Garrett Hedlund
By Jeff Bridges
Photography Robbie Fimmano
The artfully untamed heart and wild bohemian soul of Hollywood’s most promising new leading man.
It’s not a stretch to say that many of the contemporary notions in America about what art does and how artists live were formed in the 1950s and the 1960s. Postwar bohemia, the rise of rock-’n'-roll, the emergence of the counterculture—at first resistant, then demonstrative, then angry, then sneering—all helped fan the flames of the idea that popular culture means something (precisely what remains a subject of constant debate), as well as the belief that committing oneself to a life of making art might possibly be akin to doing one’s incremental part in changing the world (also a subject continually debated).
Of course, Garrett Hedlund—actor in films such as Friday Night Lights (2004), Four Brothers (2005), Georgia Rule (2007), Country Strong (2010), and Tron: Legacy (2010); amateur photographer; budding musician; and native Minnesotan—wasn’t a part of any of those cultural revolutions, nor was he even alive yet to experience them. But in a pair of new films that offer fictionalized looks at two monumental—and monumentally romanticized—moments in the evolution of American bohemia, Hedlund gets to step inside characters at the white-hot center of things. The first of those films, which hits theaters in December, is Walter Salles’s long-gestating adaptation of Jack Kerouac’s On the Road, in which Hedlund stars alongside Sam Riley, Kristen Stewart, and Kirsten Dunst as the inimitable Dean Moriarty, the novel’s itinerant, sex-drugs-and-philosophy-fueled surrogate for lionized Beat figure Neal Cassady, who crisscrosses the United States with Kerouac’s alter-ego, a writer named Sal Paradise (Riley), in search of jazz, soul, and nirvana. The second film, due out next year, is the Coen brothers’ Inside Llewyn Davis, which co-stars Oscar Isaac, Carey Mulligan, Justin Timberlake, and John Goodman, and takes loose inspiration from the late singer-songwriter Dave Van Ronk’s posthumous memoir, The Mayor of MacDougal Street, set in the burgeoning Greenwich Village folk scene of the 1960s that spawned the likes of Bob Dylan and Phil Ochs.

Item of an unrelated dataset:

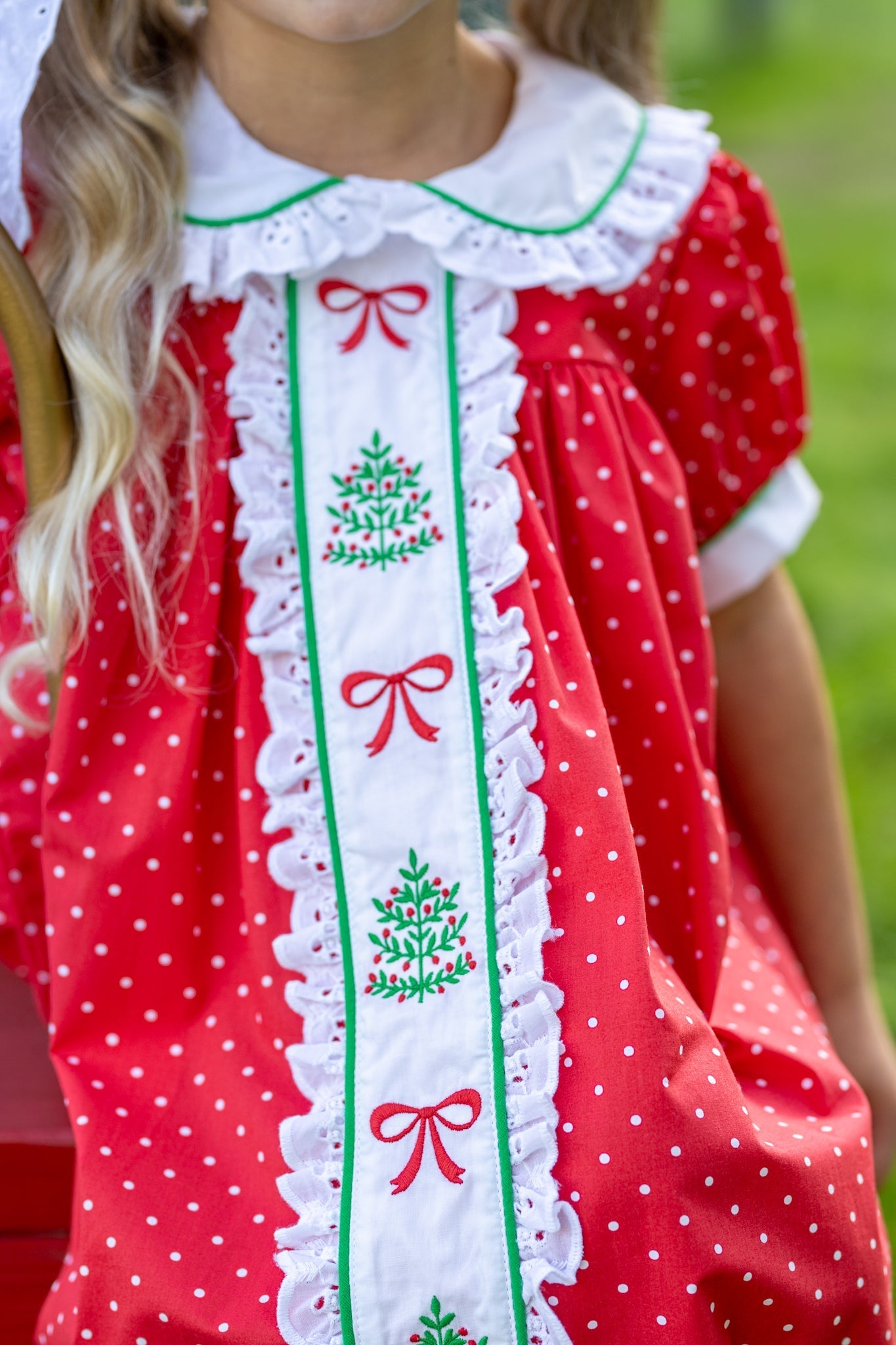 Deck the Halls Red Polka Dot A-Line Dress with Christmas Tree and Bows Embroidery - Abbies Place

For Hedlund, who says he was inspired as a teenager by reading books like On the Road, and is himself a fledgling singer-songwriter, both films presented fantasy-camp-like opportunities to smack-talk like a hipster and inhabit other eras. But the films also point to the kind of power that these sorts of alternative American Dream stories still hold. There is a notion baked into the country’s mythology—as well as Hollywood’s—that while both America and art are about expression and exercising a certain kind of freedom, they are also about self-invention and leaving behind who you were so you can go off and become who you want to be. In addition to On the Road and Inside Llewyn Davis, Hedlund also recently wrapped work on the indie drama Lullaby, from first-time director Andrew Levitas, in which he plays the estranged son of a dying man who returns to make peace with his ailing father. Jeff Bridges, who played Hedlund’s father in Tron: Legacy (and, of course, starred in the original Tron), recently caught up with the 28-year-old actor at home in Los Angeles.